Clarion West Narrative: some tidbits

Clarion West students work to build collegiality, but the workshop tone is set by the instructor.

Case in point: Week One

Michael Bishop was wonderful, a pro. Right out of the gate, he launched into an enlightening lecture on the evils of passive voice and tired phrases, and discussed the useful concept of the “object correlative.” During week one, it was clear that Bishop expected us to be familiar with more than just work in our chosen genre. We discussed James Joyce, Eliot, and Robert Hass. We talked about Flannery O’Connor and characterization, “say-able” dialogue and careful prose. And we wrote our butts off, with a different short piece due each day on a particular theme. The extraordinary part, one I dearly loved, was the fact that the stories were turned in anonymously, and Bishop read them aloud for us to critique.

The quality of those early stories blew me away. I had found myself in the company of some brilliant people. Good place to be to grow as a writer! In this process, Bishop taught us how to workshop stories without blasting authors. It set a marvelous tone for the weeks to come. Bishop himself was positive and humorous, a delightful guy.

On Tuesday, we attended a reading at the UW Bookstore where he read from a recent anthology he edited entitled Cross of Centuries. His selection was a fabulous re-imagining of Christ as a woman. Definitely worth the read.

2 thoughts on “Clarion West Narrative: some tidbits”

  1. So true, that the instructor set the tone. The admins have that down!

    I'm so glad you captured this–even in this short space, there are things that I didn't get down and would've forgotten completely.

    I loved, loved, loved Michael. I wanted to adopt him as my writer-dad.

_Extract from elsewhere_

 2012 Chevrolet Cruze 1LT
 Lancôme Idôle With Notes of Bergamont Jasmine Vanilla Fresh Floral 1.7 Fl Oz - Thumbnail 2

That said, I thought Week One was one of the most stressful, even without critiques, though, because of the daily deadlines. Michael was caring, but he was also a harsh taskmaster!

    Looking forward to your posts. I spent my writing time working on one, but mine are looooong. Probably too long for blogdom. 🙂

  2. Some are long, but highly informative and entertaining! I look forward to your posts, too.